In late October, 1975, the band undertook its first UK tour. How many dates did you play and what sorts of venues did you appear at? Who were some of the bands you shared the stage with on this tour?
RS: We played about 60 shows, many with Be Bop Deluxe, at the biggest venues in the country- Manchester Free Trade Hall, Bristol Colston Hall, Leeds University etc… but filled in gaps in the tour schedule with smaller gigs on our own in clubs and colleges up and down the country. We slept on our tour bus in laybys and car parks – it was the middle of winter. Oh! The glamour of life on the road! We also played with The Heavy Metal Kids, Edgar Broughton, Sutherland Bothers, a real mish mash – as I said there was no-one quite like us so we got tagged onto the most unlikely acts bill! In Germany we played with AC/DC and John McLaughlin, then at Olympia with Black Sabbath! Ouch!

When “Late Night Movies” was released in March, 1976, what sort of reviews did it get? How pleased was the band with the album? How were sales? Why was no single released to help publicize the LP? The album contains the 16 minute, hard rocking magnum opus “Mainlines.” What was the inspiration for this number which features incredible guitar work, and gorgeous electric violin and driving drums.

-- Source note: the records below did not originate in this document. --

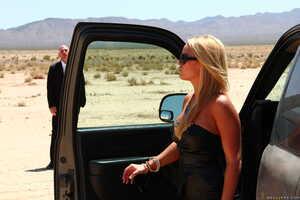 Original 2495 px/ 1663 px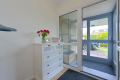26 Harley Road, Condover, Shrewsbury, Shropshire, SY5 7AZ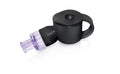 ARTEMIS Endoscopic Irrigation Biopsy Valve Port image 0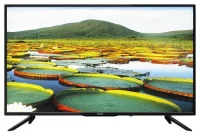 Телевизор Polar 32LTV2001 отзывы владельцев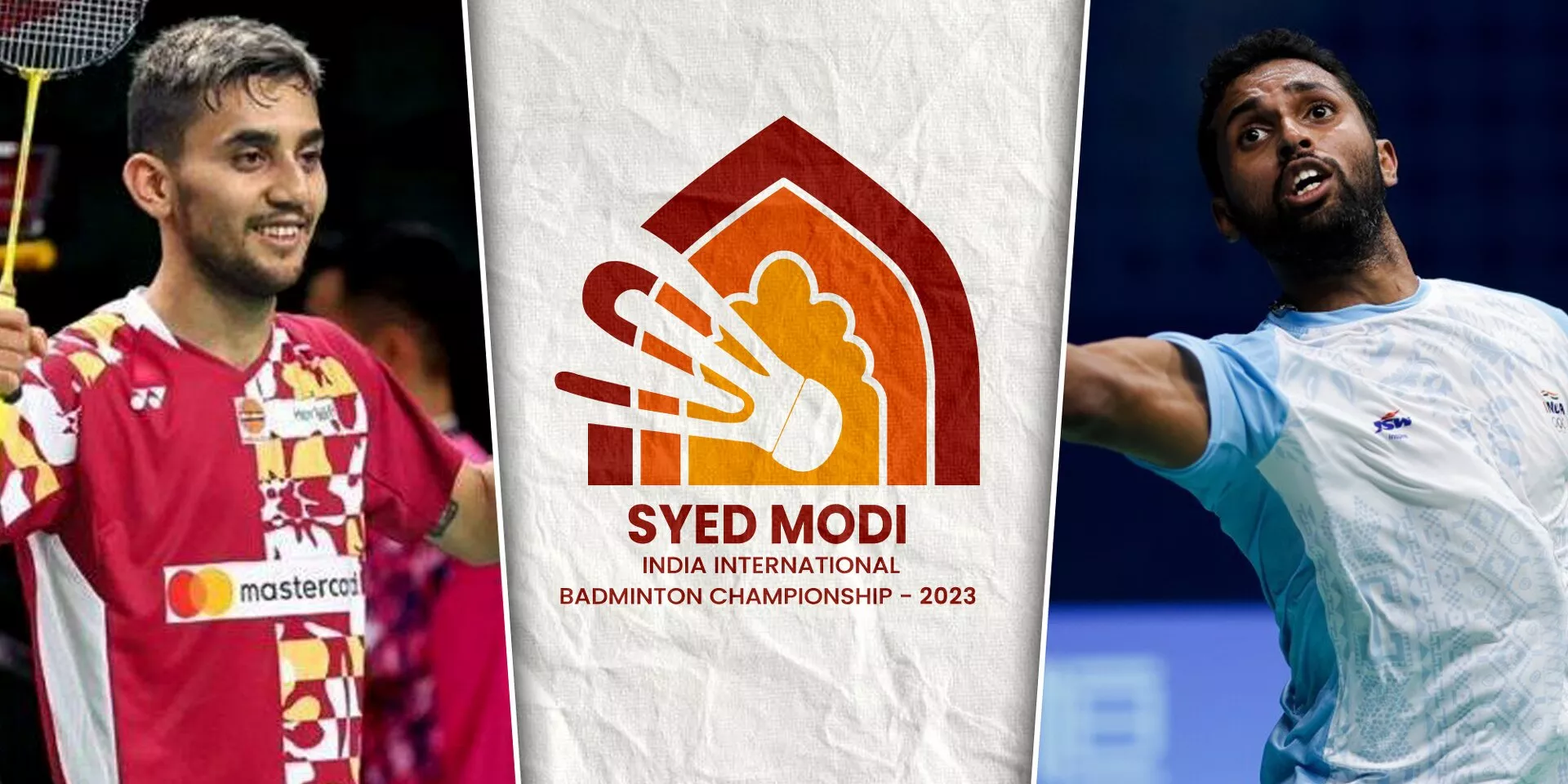 BWF Syed Modi International 2023: Updated schedule, fixtures, results and live streaming details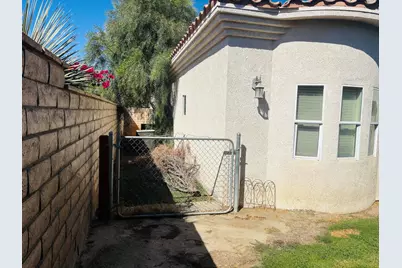 74505 Daylily Circle, Palm Desert, CA 92260 - Photo 63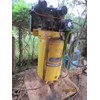 Emax 7.5hp Compressor Air Compressor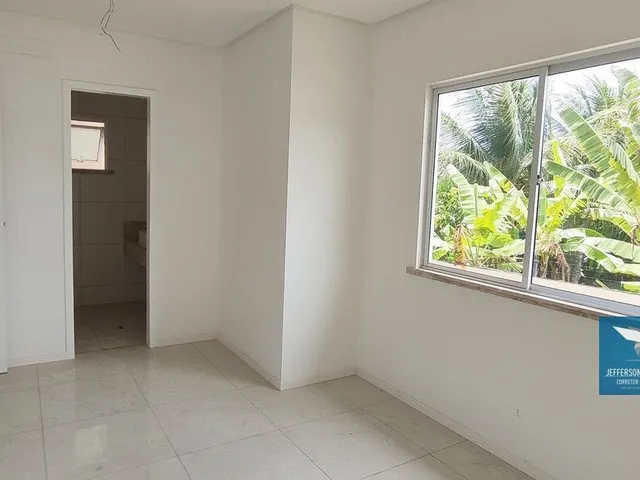Imagem 15: Oportunidade!!! Vendo Casa em Condomínio Próximo Aos Shoppings em Eusébio, 04 Suítes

RS: We got really mixed reviews for the album…some journalists got it, some really didn’t! We were thrilled with it though… “Cathedrals of sound!!” we kept saying…There was nothing to compare it to really – remember this was BEFORE new wave, art rock and punk rock! Bowie and Roxy Music were the nearest comparisons but were weren’t really THAT either! We didn’t have a suitable single…and we didn’t really care – we were very much an albums band! “Mainlines” was a massive undertaking… a song that went through about five separate sections over 16 minutes. When we played it well it was a colossus, an irresistible journey to the end of the night.. Very Louis Ferdinand Celine! Again, William Burroughs’s fingerprints can be found at the scene of that particular crime! “Reversal Boys with cans of dogmeat…heavy breathing in the back street…etc”. Nott your conventional love song!
The album was not released in the United States or Canada. Why not? What affect do you believe this had on record sales? Was it a major concern for the band at the time?
RS: There was a rather disastrous NBC documentary about us made for US TV which was a long way from complimentary… if you think the British press were mixed about us, you can imagine how the mainstream US media were about us. We weren’t exactly the Eagles, Bon Jovi or ZZ Top!! Our first two albums were eventually repackaged in the States as a double LP… we had out fans – but not many!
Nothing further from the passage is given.